- Abbreviation: SSJ
- President: Borislav Pelević
- Founder: Željko Ražnatović Arkan
- Founded: 1993
- Dissolved: 2007
- Preceded by: Civic Group – Željko Ražnatović Arkan
- Merged into: Serbian Radical Party
- Succeeded by: Council of Serbian Unity
- Headquarters: Belgrade (1993–1998) Jagodina (1998–2007)
- Military wing: Serb Volunteer Guard (1993–96)
- Ideology: Serbian ultranationalism; National conservatism; Serbian irredentism;
- Political position: Far-right
- Colours: Grey
- National Assembly: 0 / 250

Party flag

Website
- www.strankasrpskogjedinstva.org (archived)

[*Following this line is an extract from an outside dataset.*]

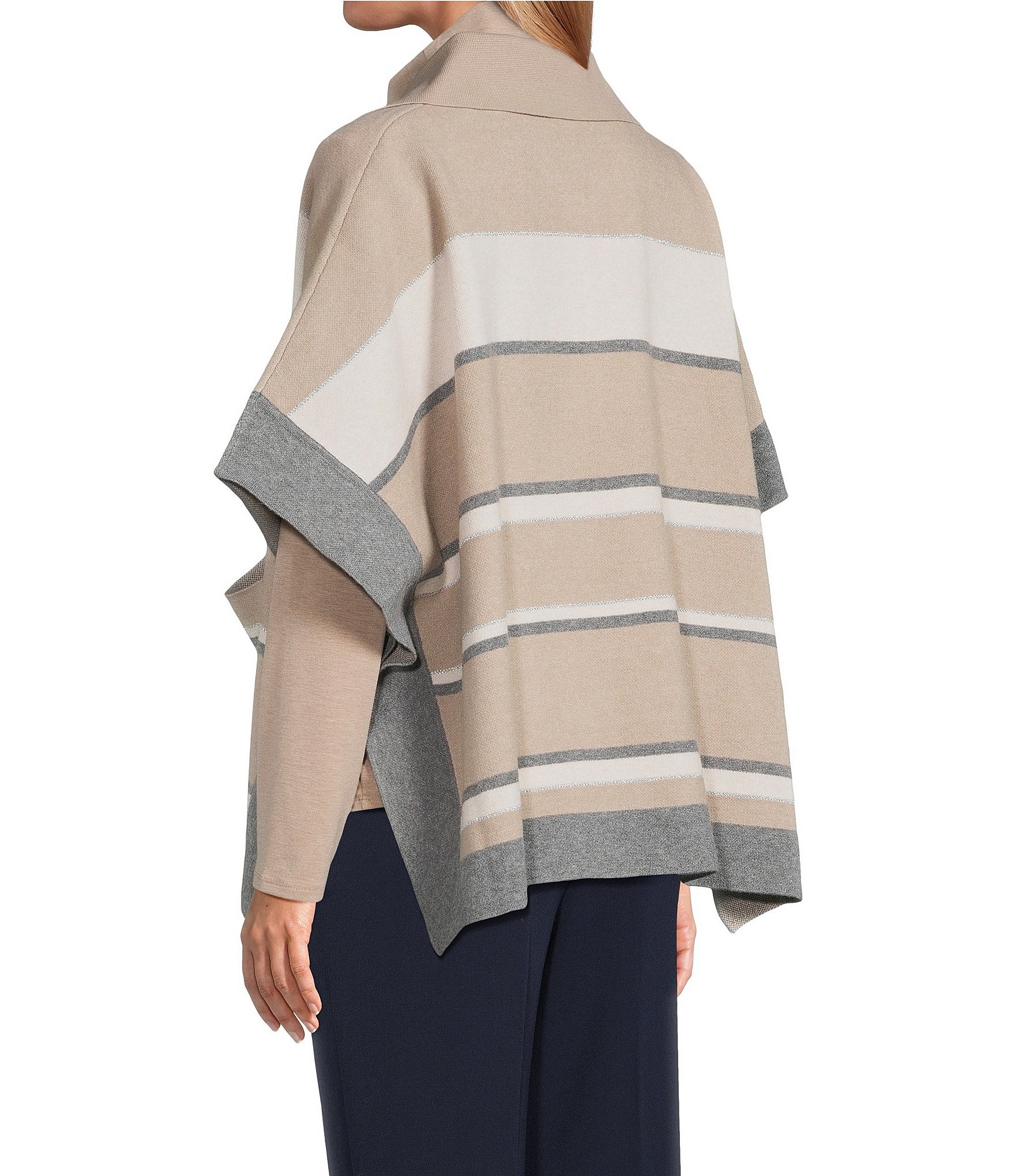 Investments Removeable Faux Fur Collar Two-Way Zip Front Stripe Sweater Poncho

= Party of Serbian Unity =

Former nationalist political party in Serbia

The Party of Serbian Unity (Странка српског јединства; abbr. SSJ) was a far-right, ultranationalist political party in Serbia founded by Željko Ražnatović. After its merging into the Serbian Radical Party, the Council of Serbian Unity was the formed to be the party's successor in 2013.

== Goals ==
The key goals of the party were:
- Unity of the Serbian people
- Preserving the integrity and territory of Serbia
- Parliamentarism and Democracy
- Preservation of tradition, family and the Cyrillic script

== History ==
In 1992, a new party formed by Ražnatović called the Civic Group – Željko Ražnatović Arkan. It gained five seats in the National Assembly during the 1992 general elections. After changing to the SSJ in 1993, the party lost its five seats for failing to receive the 5% threshold. In 1998, the party moved its headquarters from Belgrade to Jagodina.

Following the assassination of Ražnatović in 2000, Borislav Pelević became president of the party. At the last legislative election in 2003, the SSJ was a part of the For National Unity alliance. However, the coalition failed to receive any seats. The SSJ merged into the Serbian Radical Party in 2007.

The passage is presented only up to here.